CONCLUSIONS: Our results revealed that acoustic vibration enhanced the proliferative ability of hESCs and increased the expression levels of NANOG, OCT4, SOX2, and YAP-related genes, indicating that acoustic vibration can optimize the self-renewal ability of hESCs and that the YAP signaling pathway may play a critical role in the functional process of acoustic vibration.
摘要:
目的:本研究旨在研究声振动对人胚胎干细胞(hESCs)多能性的影响,并评估治疗后细胞的增殖和自我更新能力。
方法:实验使用人ES细胞系H1。用声振动装置处理hESC。随后使用集落形成测定法检测它们的增殖能力,而通过免疫荧光染色检测到多能性相关标志物的表达。最后,在适当的引物存在下,使用定量聚合酶链反应(qPCR)检测基因表达水平的变化.
结果:与对照组的正常细胞相比,受声振动作用的实验细胞形态无明显变化。相反,实验细胞的集落形成效率显着提高。免疫荧光染色结果显示实验组细胞多能性标志物NANOG阳性,八聚体结合转录因子4基因(OCT4),和SRY(性别决定区Y)-框2(SOX2)。此外,多能性基因NANOG的表达水平,OCT4,SOX2和Yes相关蛋白(YAP)相关基因在声振动后上调。

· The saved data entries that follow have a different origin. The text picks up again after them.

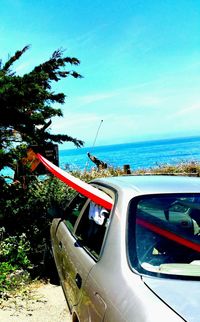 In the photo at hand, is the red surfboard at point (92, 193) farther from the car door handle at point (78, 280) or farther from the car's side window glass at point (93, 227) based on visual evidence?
the car door handle at point (78, 280)

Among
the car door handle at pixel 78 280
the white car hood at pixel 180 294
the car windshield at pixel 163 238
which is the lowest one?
the car door handle at pixel 78 280

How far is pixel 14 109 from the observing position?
553 cm

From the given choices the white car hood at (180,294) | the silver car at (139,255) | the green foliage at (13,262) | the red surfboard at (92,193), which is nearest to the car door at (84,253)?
the silver car at (139,255)

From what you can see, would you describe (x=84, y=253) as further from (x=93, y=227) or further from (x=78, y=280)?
(x=93, y=227)

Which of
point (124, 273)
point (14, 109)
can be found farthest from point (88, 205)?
point (14, 109)

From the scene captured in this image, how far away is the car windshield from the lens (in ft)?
7.16

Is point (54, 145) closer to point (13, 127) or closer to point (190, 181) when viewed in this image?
point (13, 127)

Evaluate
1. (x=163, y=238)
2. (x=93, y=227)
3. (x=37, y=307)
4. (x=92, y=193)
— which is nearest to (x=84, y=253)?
(x=93, y=227)

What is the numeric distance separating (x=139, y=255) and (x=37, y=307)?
274 centimetres

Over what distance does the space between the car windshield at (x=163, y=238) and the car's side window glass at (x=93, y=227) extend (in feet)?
1.25

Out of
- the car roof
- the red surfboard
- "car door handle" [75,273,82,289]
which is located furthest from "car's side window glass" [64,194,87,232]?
"car door handle" [75,273,82,289]

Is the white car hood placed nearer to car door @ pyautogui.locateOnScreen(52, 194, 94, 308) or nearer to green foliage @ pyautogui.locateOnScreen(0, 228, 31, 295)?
car door @ pyautogui.locateOnScreen(52, 194, 94, 308)

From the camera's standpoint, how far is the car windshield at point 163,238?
7.16ft

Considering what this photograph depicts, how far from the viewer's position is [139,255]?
7.51 ft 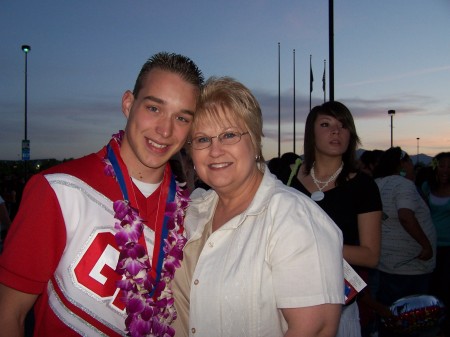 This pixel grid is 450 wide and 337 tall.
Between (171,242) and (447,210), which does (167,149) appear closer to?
(171,242)

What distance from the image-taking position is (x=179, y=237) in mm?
2568

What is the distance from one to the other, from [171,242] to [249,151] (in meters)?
0.73

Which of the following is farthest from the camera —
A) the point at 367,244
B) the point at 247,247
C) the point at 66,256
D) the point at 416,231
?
the point at 416,231

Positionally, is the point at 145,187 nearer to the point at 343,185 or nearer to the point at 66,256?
the point at 66,256

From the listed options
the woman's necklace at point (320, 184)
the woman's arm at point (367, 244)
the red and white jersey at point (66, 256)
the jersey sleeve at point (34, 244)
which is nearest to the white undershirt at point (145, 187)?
the red and white jersey at point (66, 256)

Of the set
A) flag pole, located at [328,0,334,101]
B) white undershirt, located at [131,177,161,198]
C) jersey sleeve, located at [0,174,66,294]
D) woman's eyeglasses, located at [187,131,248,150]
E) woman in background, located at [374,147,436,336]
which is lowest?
woman in background, located at [374,147,436,336]

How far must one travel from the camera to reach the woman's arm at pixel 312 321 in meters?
1.84

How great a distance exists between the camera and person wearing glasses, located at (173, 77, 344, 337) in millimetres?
1869

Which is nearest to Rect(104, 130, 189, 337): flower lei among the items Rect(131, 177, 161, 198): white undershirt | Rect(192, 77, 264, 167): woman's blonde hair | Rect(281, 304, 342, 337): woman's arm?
Rect(131, 177, 161, 198): white undershirt

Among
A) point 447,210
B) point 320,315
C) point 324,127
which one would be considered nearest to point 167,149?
point 320,315

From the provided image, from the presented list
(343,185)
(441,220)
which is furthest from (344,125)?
(441,220)

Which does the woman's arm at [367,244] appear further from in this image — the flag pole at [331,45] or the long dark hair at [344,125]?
the flag pole at [331,45]

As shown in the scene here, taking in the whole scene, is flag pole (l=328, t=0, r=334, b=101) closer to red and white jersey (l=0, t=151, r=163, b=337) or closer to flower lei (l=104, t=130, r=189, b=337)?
flower lei (l=104, t=130, r=189, b=337)

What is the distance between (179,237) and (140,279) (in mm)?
372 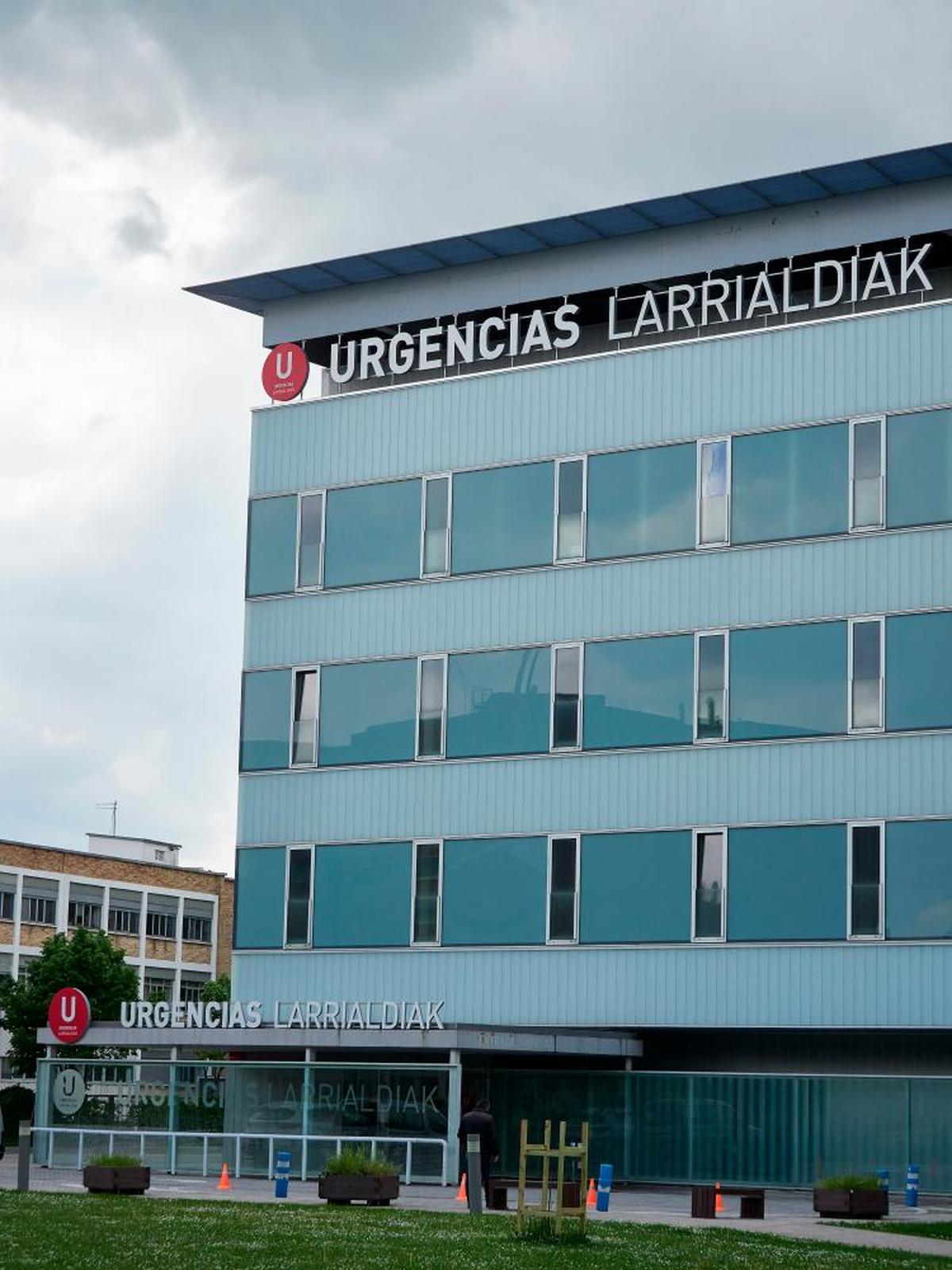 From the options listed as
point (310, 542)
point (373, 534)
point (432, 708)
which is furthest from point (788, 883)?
point (310, 542)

结论:我们的结果表明,声振动增强了hESCs的增殖能力,并增加了NANOG的表达水平,OCT4、SOX2和YAP相关基因,表明声振动可以优化hESCs的自我更新能力,YAP信号通路可能在声振动的功能过程中起关键作用。
方法:实验使用人ES细胞系H1。用声振动装置处理hESC。随后使用集落形成测定法检测它们的增殖能力,而通过免疫荧光染色检测到多能性相关标志物的表达。最后,在适当的引物存在下,使用定量聚合酶链反应(qPCR)检测基因表达水平的变化.

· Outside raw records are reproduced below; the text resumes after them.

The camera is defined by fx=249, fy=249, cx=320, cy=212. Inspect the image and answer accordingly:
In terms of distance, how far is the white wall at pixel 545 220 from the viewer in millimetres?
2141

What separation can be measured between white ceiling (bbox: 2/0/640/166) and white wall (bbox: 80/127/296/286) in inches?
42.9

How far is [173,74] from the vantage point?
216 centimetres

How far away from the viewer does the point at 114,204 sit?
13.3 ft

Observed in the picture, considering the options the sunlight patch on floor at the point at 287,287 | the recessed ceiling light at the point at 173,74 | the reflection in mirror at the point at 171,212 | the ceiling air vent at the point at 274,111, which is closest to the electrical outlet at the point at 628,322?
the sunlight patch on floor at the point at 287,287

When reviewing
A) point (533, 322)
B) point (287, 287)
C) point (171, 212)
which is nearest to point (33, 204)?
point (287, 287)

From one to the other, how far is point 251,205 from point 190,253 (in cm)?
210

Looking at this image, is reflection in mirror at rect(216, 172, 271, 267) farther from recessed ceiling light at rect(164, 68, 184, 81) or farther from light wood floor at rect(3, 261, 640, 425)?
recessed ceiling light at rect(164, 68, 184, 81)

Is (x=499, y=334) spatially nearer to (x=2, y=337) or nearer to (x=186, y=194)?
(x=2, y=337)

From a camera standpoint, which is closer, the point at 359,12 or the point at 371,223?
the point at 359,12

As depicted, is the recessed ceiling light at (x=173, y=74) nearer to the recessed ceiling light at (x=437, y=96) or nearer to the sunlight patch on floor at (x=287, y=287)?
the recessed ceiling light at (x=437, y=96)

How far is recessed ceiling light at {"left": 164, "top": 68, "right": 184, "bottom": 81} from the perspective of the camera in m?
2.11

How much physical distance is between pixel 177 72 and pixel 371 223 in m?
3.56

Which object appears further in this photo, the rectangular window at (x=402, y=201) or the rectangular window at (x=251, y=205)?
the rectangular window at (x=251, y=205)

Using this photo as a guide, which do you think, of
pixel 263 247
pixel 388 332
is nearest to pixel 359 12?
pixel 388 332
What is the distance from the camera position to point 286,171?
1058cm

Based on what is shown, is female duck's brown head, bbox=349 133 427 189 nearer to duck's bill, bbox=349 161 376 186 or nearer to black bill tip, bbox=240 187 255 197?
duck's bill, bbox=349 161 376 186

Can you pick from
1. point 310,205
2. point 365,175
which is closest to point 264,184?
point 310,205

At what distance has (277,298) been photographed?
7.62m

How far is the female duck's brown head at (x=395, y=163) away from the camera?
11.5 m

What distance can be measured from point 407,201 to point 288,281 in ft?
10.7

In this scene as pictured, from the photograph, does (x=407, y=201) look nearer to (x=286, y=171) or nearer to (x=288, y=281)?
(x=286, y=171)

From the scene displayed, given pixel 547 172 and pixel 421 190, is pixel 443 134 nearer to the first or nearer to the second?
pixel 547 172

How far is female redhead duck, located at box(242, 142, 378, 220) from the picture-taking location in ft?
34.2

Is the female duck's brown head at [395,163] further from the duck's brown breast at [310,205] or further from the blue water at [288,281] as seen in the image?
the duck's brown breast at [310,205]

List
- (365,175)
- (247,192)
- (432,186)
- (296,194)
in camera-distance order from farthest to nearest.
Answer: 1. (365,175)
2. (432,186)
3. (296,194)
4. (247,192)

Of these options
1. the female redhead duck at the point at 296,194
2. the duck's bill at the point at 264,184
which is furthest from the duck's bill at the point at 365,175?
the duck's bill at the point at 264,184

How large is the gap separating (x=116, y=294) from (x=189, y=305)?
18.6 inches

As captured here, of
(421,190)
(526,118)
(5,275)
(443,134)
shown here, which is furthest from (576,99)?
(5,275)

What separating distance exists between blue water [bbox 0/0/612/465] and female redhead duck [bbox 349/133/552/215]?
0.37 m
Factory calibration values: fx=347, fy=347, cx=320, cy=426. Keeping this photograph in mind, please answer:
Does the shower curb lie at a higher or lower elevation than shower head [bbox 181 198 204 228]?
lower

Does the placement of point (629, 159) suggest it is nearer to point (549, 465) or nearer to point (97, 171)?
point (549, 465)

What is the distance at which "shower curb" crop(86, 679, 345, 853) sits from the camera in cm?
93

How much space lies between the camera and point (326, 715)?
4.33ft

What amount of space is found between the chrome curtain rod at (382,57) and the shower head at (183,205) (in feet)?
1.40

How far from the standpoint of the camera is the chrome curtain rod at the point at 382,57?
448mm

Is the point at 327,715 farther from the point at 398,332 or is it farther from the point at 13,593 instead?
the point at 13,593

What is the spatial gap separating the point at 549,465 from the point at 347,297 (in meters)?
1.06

结果:与对照组的正常细胞相比,受声振动作用的实验细胞形态无明显变化。相反,实验细胞的集落形成效率显着提高。免疫荧光染色结果显示实验组细胞多能性标志物NANOG阳性,八聚体结合转录因子4基因(OCT4),和SRY(性别决定区Y)-框2(SOX2)。此外,多能性基因NANOG的表达水平,OCT4,SOX2和Yes相关蛋白(YAP)相关基因在声振动后上调。
结论:我们的结果表明,声振动增强了hESCs的增殖能力,并增加了NANOG的表达水平,OCT4、SOX2和YAP相关基因,表明声振动可以优化hESCs的自我更新能力,YAP信号通路可能在声振动的功能过程中起关键作用。